Records for processing section start

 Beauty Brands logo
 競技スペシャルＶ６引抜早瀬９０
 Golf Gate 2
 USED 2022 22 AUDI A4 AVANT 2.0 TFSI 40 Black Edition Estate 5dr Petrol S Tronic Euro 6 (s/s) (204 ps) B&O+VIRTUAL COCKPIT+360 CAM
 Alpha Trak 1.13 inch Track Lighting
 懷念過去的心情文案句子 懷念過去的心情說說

Records for processing section end
Records for processing section start

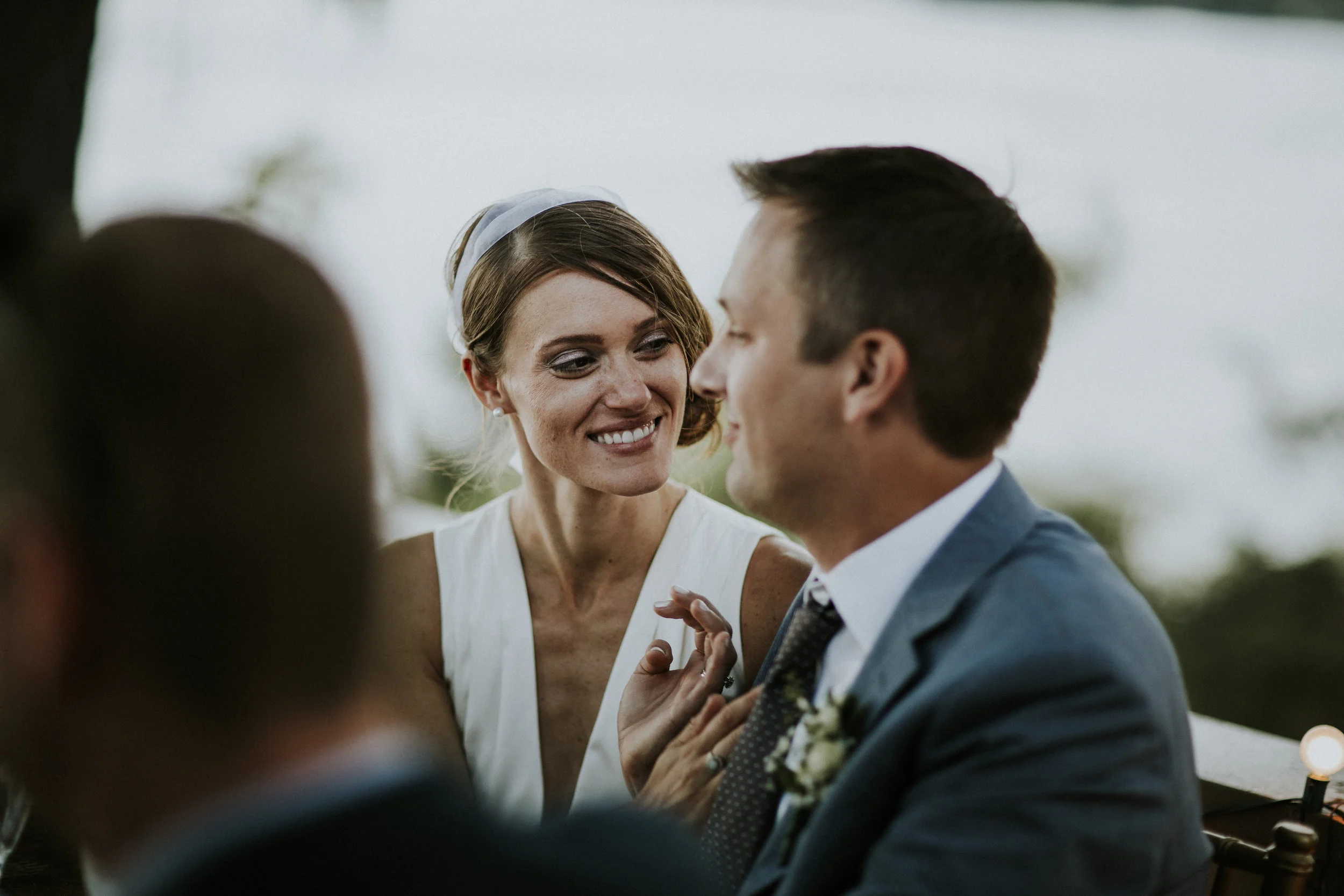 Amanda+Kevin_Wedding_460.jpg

Records for processing section end

■ Problem to solve
The lines above from the one with "競技スペシャルＶ６引抜早瀬９０" through the one with "懷念過去的心情文案句子 懷念過去的心情說說" are to be duplicated exactly, ends included, with nothing added.

■ Output for this task
 競技スペシャルＶ６引抜早瀬９０
 Golf Gate 2
 USED 2022 22 AUDI A4 AVANT 2.0 TFSI 40 Black Edition Estate 5dr Petrol S Tronic Euro 6 (s/s) (204 ps) B&O+VIRTUAL COCKPIT+360 CAM
 Alpha Trak 1.13 inch Track Lighting
 懷念過去的心情文案句子 懷念過去的心情說說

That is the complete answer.